Study material below:

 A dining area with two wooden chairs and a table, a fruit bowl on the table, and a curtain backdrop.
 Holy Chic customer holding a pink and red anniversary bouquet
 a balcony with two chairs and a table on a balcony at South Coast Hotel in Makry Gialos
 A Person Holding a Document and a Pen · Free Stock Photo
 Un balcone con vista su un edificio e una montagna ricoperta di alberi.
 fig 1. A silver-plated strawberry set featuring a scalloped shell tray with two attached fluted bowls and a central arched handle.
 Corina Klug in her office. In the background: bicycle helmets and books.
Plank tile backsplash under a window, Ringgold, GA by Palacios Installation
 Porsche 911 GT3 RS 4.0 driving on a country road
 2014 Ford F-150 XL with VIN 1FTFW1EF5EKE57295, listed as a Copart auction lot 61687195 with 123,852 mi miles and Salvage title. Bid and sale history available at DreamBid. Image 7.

End of Study material.

What you will do – Reproduce every line in the records above that contains the word "with".

Solution to this problem –
 A dining area with two wooden chairs and a table, a fruit bowl on the table, and a curtain backdrop.
 a balcony with two chairs and a table on a balcony at South Coast Hotel in Makry Gialos
 fig 1. A silver-plated strawberry set featuring a scalloped shell tray with two attached fluted bowls and a central arched handle.
 2014 Ford F-150 XL with VIN 1FTFW1EF5EKE57295, listed as a Copart auction lot 61687195 with 123,852 mi miles and Salvage title. Bid and sale history available at DreamBid. Image 7.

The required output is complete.